Mosaico verde

12/12/2017

Aos 33 anos, Alexandre Thomaz foi diagnosticado com um neoplasma maligno no pescoço. Ao começar o agressivo tratamento para curar o câncer, seu médico disse: “não posso receitar, mas você pode tentar maconha, estão fazendo isso no resto do mundo”. Alexandre começou a plantar no seu sítio. Com a maconha, tinha mais apetite, recuperou o peso perdido, dormia melhor. Um dia, a polícia entrou na propriedade, levou suas dez plantas. Thomaz passou anos respondendo na Justiça pelo episódio.

Aos 45 anos, minha tia foi diagnosticada com câncer de útero. Fez quimioterapia e radioterapia mais de uma vez. Eu lembrava de quando eu era criança e de repente a levaram para Houston – o marido e meus avós – para remover um tumor na parótida. Era benigno. Na volta, a família e os amigos a esperavam no salão de festas do meu prédio. Minha mãe ligou o som e Gracias a la vida começou a tocar.

Aos 45 anos, câncer de útero. Eu perguntei: e maconha?
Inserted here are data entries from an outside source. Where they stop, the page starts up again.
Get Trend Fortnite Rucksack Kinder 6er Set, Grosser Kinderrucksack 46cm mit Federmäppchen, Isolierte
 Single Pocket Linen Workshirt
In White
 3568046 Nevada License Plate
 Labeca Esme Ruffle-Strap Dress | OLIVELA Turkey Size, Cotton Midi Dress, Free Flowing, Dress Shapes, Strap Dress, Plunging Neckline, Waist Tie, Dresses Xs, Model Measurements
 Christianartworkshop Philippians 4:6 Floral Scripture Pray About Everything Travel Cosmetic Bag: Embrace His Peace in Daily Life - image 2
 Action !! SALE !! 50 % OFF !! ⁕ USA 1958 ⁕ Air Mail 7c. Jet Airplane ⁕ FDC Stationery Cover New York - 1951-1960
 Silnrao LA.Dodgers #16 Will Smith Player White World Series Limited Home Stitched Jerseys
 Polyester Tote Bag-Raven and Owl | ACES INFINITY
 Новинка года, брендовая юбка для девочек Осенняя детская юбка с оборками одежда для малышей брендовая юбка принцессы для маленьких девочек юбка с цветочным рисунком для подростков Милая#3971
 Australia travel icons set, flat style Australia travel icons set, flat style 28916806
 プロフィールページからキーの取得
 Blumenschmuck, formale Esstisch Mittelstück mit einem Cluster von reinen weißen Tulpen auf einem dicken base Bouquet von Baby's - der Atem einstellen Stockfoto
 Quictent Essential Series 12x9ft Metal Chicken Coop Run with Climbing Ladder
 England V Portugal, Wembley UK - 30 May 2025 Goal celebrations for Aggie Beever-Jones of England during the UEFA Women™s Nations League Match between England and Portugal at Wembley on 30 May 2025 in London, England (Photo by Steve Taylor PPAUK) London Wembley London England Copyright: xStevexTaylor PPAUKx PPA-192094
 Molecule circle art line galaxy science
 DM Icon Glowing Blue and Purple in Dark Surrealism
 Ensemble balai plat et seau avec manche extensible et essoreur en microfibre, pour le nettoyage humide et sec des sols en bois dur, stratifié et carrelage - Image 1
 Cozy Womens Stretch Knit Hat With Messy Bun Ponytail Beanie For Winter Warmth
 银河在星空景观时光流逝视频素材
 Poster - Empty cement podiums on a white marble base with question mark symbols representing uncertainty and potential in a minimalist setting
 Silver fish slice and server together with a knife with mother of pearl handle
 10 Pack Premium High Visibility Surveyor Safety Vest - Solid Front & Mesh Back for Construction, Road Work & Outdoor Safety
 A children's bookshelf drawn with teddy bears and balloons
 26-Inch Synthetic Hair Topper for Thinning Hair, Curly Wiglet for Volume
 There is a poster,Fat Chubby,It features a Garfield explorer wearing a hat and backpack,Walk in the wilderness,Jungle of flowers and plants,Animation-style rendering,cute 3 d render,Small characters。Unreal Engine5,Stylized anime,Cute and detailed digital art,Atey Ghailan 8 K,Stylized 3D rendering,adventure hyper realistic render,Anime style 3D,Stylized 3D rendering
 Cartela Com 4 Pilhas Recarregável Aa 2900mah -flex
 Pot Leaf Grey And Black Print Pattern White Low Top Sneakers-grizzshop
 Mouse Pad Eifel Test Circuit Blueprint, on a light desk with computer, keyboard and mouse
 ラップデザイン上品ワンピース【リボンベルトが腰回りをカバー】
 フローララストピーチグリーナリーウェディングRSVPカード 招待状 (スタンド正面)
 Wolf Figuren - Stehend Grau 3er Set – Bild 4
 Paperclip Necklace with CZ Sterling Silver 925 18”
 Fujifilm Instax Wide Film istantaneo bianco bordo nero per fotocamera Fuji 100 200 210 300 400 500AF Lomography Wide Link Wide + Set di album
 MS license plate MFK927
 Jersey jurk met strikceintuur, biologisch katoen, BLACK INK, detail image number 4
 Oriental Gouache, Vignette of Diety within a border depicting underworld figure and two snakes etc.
Mas a oncologista tinha dito não. Acho que minha tia nunca colocou um baseado na boca. Nem quando foi jovem.

Em 2012, em uma viagem pela Califórnia, eu fui parar sem querer na maior zona produtora de canábis dos Estados Unidos. Isso deve ter sido entre a descoberta do câncer da minha tia e a primeira recidiva.

Ela morreu aos 49 anos.

Em 2014, comecei a ler muito sobre a história da proibição da erva nos Estados Unidos e no mundo, sobre hippies, Califórnia, maconha medicinal. Decidi que queria fazer um romance ambientado naquele lugar ao norte do estado dourado (ou verde?), com um personagem brasileiro que tinha plantado para a mãe doente, tinha sido pego, perdera o emprego, e então havia decidido tentar uma nova vida em outro país. Assim, sem aquela motivação clássica, sem aquele objetivo claro, sem saber, em suma, o que ia encontrar lá.

Como na vida, eu acho.

Por que um romance ambientado na Califórnia?

Porque eu quis e sou livre e sou uma mulher escrevendo e meu romance tem uma capa viril e é legal que ao menos a literatura lembre a gente de que as coisas são complexas, e não um grande embate preto-ou-branco do Facebook? Que a questão da maconha é complexa, famílias são complexas, lugares são cheios de contradições e ambiguidades e relacionamentos são difíceis pra burro?  

A Califórnia nos deu o cinema mais visto do mundo e, com isso, muitas de nossas expectativas coletivas e individuais. Sonhos, para resumir de um jeito cafona. A Califórnia nos deu tanto os hippies quanto Charles Manson. A Califórnia nos deu a Apple, o Uber, o AirBnb, o Tinder. A Califórnia nos deu a popularização da yoga, o budismo mastigado. A Califórnia é o grande supermercado fluorescente da comida orgânica.

Aos 35 anos, Arthur Lopes chega no condado de Mendocino sem saber muito bem o que procura. Como eu, como a vida. Conhece pessoas, pessoas com seus próprios dramas. Tamara, Sylvia, Dusk. A maconha é a liga entre essas histórias ficcionais e reais. Hippies idealistas. Transações em quartos de motel. Magic brownies para pacientes morrendo de AIDS. Romance. Pinot noir, turistas em pousadas caras vendo o sol cair no Pacífico. Uma camadinha de violência que passa quase despercebido, na floresta, sob as sequoias vermelhas milenares.

É sempre sobre procurar. Talvez agora, em O clube dos jardineiros de fumaça, seja sobre procurar e achar.

Aos leitores, espero que gostem desse novo romance. E que seja divertido, envolvente e sensível como foi para mim escrever esse livro e ter a vida toda reconfigurada por ele.

* * * * *

Carol Bensimon nasceu em Porto Alegre, em 1982. Publicou Pó de parede em 2008 e, no ano seguinte, a Companhia das Letras lançou seu primeiro romance, Sinuca embaixo d’água (finalista dos prêmios Jabuti e São Paulo de Literatura). Seu segundo livro, Todos nós adorávamos caubóis, foi lançado em outubro de 2013, e em 2017 lançou O clube dos jardineiros de fumaça. Ela contribui para o blog com uma coluna mensal.